Quackodoxy
James Jordan describes what he calls quackodoxy:
Quackodoxy exists between orthodoxy and heterodoxy (heresy). Quackodox ideas are ideas that are wrong but are held by people who are orthodox Christians. If a quackodox idea is pushed far enough and hard enough, it becomes a destructive heresy. Generally speaking, though, quackodox ideas simply trouble the church and make headaches for pastors.
Let me illustrate with several examples. One of the most prominent forms of quackodoxy today is the “home everything” movement. It is fine is you want to practice home birth, for instance, but it becomes quackodox when you try to say that home birth is the best, most Biblical way to have a baby, and then try to pressure other people into it. It is fine if you choose not to circumcise your son, but if you start calling circumcision “mutilation” you are getting pretty close to heresy (calling God a mutilator), and if you start pressuring people about it you are definitely quackodox. You choose to home school? Fine, but don’t say that the Bible teaches home schooling as the best way, because the Bible teaches no such thing.

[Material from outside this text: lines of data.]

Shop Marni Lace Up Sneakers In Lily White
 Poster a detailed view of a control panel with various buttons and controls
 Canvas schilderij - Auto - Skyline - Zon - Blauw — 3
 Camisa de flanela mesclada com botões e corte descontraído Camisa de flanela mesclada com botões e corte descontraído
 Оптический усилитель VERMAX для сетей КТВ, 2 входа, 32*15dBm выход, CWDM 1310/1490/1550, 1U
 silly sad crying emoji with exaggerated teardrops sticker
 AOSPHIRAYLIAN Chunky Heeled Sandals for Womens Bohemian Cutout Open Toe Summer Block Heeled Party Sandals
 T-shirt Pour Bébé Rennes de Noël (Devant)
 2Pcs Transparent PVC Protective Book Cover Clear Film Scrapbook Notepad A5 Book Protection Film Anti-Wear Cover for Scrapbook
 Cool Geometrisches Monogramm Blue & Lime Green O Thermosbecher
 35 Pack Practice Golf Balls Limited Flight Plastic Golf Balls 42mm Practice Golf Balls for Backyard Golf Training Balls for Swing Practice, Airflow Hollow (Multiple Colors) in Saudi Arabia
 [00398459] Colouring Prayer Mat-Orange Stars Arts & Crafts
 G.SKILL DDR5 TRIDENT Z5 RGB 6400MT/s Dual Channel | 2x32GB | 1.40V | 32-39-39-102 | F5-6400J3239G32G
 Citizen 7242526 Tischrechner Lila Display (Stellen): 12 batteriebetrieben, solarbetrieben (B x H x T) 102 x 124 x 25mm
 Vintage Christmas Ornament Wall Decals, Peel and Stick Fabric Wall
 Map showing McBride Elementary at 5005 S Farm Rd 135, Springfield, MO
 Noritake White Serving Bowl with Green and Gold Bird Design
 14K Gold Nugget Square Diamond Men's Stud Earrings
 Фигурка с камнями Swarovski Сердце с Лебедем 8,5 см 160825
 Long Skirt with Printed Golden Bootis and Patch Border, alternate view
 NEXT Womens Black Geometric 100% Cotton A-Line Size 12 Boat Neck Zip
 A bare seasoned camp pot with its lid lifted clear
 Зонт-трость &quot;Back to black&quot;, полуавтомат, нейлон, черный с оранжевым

You choose not to use birth control and have twenty children? Fine, but don’t say that the Bible teaches against birth control, because in fact the Bible teaches that family planning is an aspect of Christian maturity (as are all forms of planning).
The Rushdoony-wing of Christian Reconstructionism has a number of quackodox ideas running around in it. One is their belief that the Sinaitic dietary laws are binding as laws of health for Christians. If you choose not to eat shrimp, that’s fine; but don’t try to say the Bible teaches it, because the Bible clearly teaches that Christians are not under these laws. Another quackodox idea that runs through California Reconstructionism is “Biblical geocentricity.” If you believe in a geocentric model of the cosmos, that’s fine; but don’t try to tell me that the Bible teaches it, because it clearly does not.
California Reconstructionists also virtually despise the institutional Church, and in this regard they are close to moving out of quackodoxy into full-blown heterodoxy.